The United States and the United Kingdom have clearly crested the wave on their latest peaks in terms of new cases. Growth in Europe has moderated, but on a week-to-week basis, there is still no downward trend. In Asia, cases are up, although the absolute rates are still much lower than in the United States and Europe. Additionally, there is reason to believe that we are getting close to herd immunity thresholds. In the U.S. about 25M cases have been documented, but CDC studies have shown that for every documented case, there are about 8 cases that were never confirmed or were asymptomatic. Doing the math, that means that about 150M have been exposed and likely have some degree of immunity. To that, we can add about 15M vaccinated. That roughly brings us up to 165M, which is about half the population. That leaves us with less than 70M combined cases and newly immunized people to reach the hypothesized 70% herd immunity threshold. With the anticipated increases in vaccinations with continued new cases, optimistically, we should start reaching herd immunity in some areas over the next two months.
At one time, there was significant hope that once we got past the holidays and the vaccination programs kicked in, there would be little chance of yet another peak. That may still be the case, but there are two headwinds we are facing. The first is that the last mile of vaccine distribution continues to be challenging, slowing the rate of vaccination. The second is the impact of the evolving and more infectious strains. As predicted, these strains are rapidly becoming more dominant in the environment and the reports are that they are about 50% more infectious, although no more prone to cause severe disease than the previously common strains.

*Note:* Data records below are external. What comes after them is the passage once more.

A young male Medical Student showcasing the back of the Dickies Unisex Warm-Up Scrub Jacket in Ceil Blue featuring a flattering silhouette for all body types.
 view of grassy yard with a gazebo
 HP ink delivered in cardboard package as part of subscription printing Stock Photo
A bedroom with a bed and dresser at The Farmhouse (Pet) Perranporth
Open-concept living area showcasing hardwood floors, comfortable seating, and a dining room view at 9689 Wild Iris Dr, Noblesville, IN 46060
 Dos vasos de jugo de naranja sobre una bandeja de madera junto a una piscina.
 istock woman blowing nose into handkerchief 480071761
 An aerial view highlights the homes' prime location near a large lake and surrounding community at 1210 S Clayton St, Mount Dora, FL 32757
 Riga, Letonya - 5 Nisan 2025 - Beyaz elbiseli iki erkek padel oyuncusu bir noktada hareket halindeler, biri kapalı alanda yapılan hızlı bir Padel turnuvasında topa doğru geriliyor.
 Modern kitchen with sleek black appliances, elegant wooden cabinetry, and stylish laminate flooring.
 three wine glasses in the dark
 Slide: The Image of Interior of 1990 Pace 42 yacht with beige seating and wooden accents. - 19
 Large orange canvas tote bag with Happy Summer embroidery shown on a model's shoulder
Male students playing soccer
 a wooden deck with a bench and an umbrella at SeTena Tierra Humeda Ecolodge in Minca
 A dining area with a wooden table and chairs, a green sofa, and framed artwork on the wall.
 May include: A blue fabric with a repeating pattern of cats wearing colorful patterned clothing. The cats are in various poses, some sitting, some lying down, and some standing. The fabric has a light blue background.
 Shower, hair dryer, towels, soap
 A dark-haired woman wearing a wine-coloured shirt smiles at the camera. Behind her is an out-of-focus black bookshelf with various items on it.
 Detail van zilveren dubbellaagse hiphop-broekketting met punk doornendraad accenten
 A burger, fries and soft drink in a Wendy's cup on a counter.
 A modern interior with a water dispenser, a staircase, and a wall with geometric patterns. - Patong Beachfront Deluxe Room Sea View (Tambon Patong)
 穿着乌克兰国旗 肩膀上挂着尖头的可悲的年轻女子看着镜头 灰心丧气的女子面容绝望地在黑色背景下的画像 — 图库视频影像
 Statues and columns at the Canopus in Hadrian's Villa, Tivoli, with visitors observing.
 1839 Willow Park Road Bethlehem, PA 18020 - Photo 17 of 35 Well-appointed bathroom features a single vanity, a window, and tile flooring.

The ability to get next day results has become routine for PCR tests, especially the relatively inexpensive saliva tests. The over-the-counter completely in-home home tests have not yet made it to store shelves, but part of the reason for that is epidemiologists would still prefer that tests go through labs or doctors’ offices so that case tracking can be done. Some of the mail-away PCR saliva tests are being sold in stores, but the best way to get them is still via on-line ordering.
Manufacturers are producing vaccines at the rates they said they could, and in the case of Pfizer, they are increasing capacity to almost double output over the next couple of weeks. The Army-managed strategic distribution program to get the vaccine down to the states has actually gone very efficiently, especially once the decision was made not to hold back the pre-reserved second doses.
The issue has been that the states have significant difficulties in linking distribution to sites with available vaccinators and then getting people prioritized for vaccinations to the vaccinators. Because of the relatively short life of the vaccines once out of storage, the timing of these three components is critical. Given that the states are being very rigid about their prioritization and tracking systems, coordinating all three of those last-mile components has proved daunting for the states. The resulting paralysis continues to result in only about 40% of available vaccine having made it into people’s arms. The states, of course, claim they have not been given enough resources, but public health has always been a state function, so this really is their responsibility.
In a statement, last weekend, the CEO of CVS said that if his team was turned loose with the vaccine, they could vaccinate a million people a day and his colleagues at Walgreens could do two-thirds of that. This week, the process of getting the big-box retail pharmacies involved started with the first commercial channel distributions directly to pharmacies in several states. They are still bound by the prioritization rules, but as I have noted before, retail pharmacies alone do almost 100 million vaccinations every year without the additional capacity they have brought on just for this effort. This combined with the increased capacity especially from Pfizer, but also Moderna, and the added one-shot supply line next month from Johnson & Johnson hold promise for getting the speed of this program up to where it needs to be.
Johnson and Johnson’s adenovirus-based vaccine is nearing completion of its 45,000-person international study and should be going to FDA review in the next several weeks. While this vaccine does not have quite the effectiveness of the two current mRNA vaccines, it is still very good, and the logistics are much less complicated when only one dose is required. The 70% efficacy shown in the just-released phase 1 and 2 trials is still about 50% higher than the efficacy of the annual flu vaccine. With the two mRNA vaccines, the final data was better than the early data, so that could very well be the case here, but either way, the addition of this single-dose vaccine will be very important for reaching maximum vaccination levels for populations around the world. The fourth major vaccine developed in the US and Europe is the Oxford University/AstraZeneca product. This is already approved in much of the world but is not looking for U.S. approval until April. This vaccine has the easiest logistics requirements of all the vaccines, so it may be better that this vaccine is used for parts of the world that do not have the logistics infrastructure of the U.S. and Europe, and parts of Asia.